2-6
違うジャンルの写真を強引に結びつけるというのは将棋に限らずよくあるお題で、一度はやり始めると大きなうねりとなる。最初は本当に「似た構図のもの」があげられるだけだったのが、次第に様々な角度からの切込みがなされるのである。
「すごい勢いが出てきましたね……」
「さすが将棋とサッカー。やはり親和性が高い」
「でも、みんな何でこんなに素早く写真をあげられるのでしょうか」
「うーん、よく見てみると、途中から二枚同時にあげてるよね。多分面白い棋士の写真があって、そこから逆算してイタリア代表の写真を探してるんだ」
「なるほど! ああ、私もサッカーのことが少しでも分かれば……」
両方の拳を握っている。美鉾は心底悔しそうだった。
「知らなくたって何とかなるさ。美鉾、将棋の写真はすでにいっぱいあるんだろ。今から、サッカーの方は見つければいい」
「……うん、やってみます」
美鉾にパソコンを譲る。勝つためには勝負を始めなければならない。小さい頃、道場で教えてもらった言葉だ。今こそ美鉾には、さらなる一歩を踏み出してほしい。
「あれ……この人も代表なんですか?」
画面では、スーツ姿のダンディな男性が叫んでいた。
「これは監督だ。試合中スーツ派の監督って多いんだよ」
「知りませんでした……。あ、じゃあ……」
美鉾は、「将棋ネタフォルダ(写真)」を開いた。多くの写真がずらっと並んでいる。
「確か……ありました!」
「おお」
そこには、サッカーのユニフォーム姿で将棋を指すプロ棋士の姿が。確か、フットサルと対局を交互に行うというぶっ飛んだ企画の時のものだ。
「これを組み合わせれば……」
「なるほど」
普通はスーツはスーツ、ユニフォームはユニフォームで合わせる、と考えるところだ。だけど美鉾は、「普段とは違う」ということで、サッカーだけどスーツ、将棋だけどユニフォームという「合わせ方」を狙っているようだった。
「うーん、うーん、なんかいけそうなんです……」
三分ぐらい、様々な写真を開いては閉じて、を繰り返していた。その横顔は、彫刻を掘り出す芸術家のようだ、と思った。
「決めました」
「よし、頑張れ」
ついに、美鉾は写真二枚に、タグを添えて投稿した。
沈黙が訪れる。張り詰めた空気。
画面左上のベルが、光る。通知欄だ。つぶやきがリツイートやお気に入りされると、ここに数字が示される。
二分ほどたって。
「リツイート……されました!」
「よかったな」
妹の、肩を叩く。そう、苦手なことも踏み込んでみれば、上手くいくことがあるのだ。
「どんどん通知が……10リツイート、5お気に入り……20リツイートです! 新記録……」
「良かったな……ん?」
何かの違和感があった。モニターを凝視する。ブラウザの様子が映された、いつもと変わり映えのしない画面だ。代り映えがしないって……
「美鉾、お前、アカウント切り替えてないぞ」
「えっ……?」
「この投稿、兄さんのアカウントでされてる」
「……っ……えーーーっ!!」
なんということだ。このスマッシュヒットネタは、美鉾のものとしてではなく、僕のものとして世間に発信されてしまったのだ。

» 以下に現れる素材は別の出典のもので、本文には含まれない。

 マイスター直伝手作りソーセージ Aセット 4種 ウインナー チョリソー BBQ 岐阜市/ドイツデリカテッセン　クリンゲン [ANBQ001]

「うっかりだな……兄さんも将棋でよくやるよ。でもまあ、お前のネタが受けたことに変わりはないから、自信を持てよ」
「その、えーと、えー……?? 正しい感情がよくわかりません……」
「あ……リストに入れられた」
そんなわけで、僕のアカウントの方が、「ネタ将」として認識されることになってしまったのであった。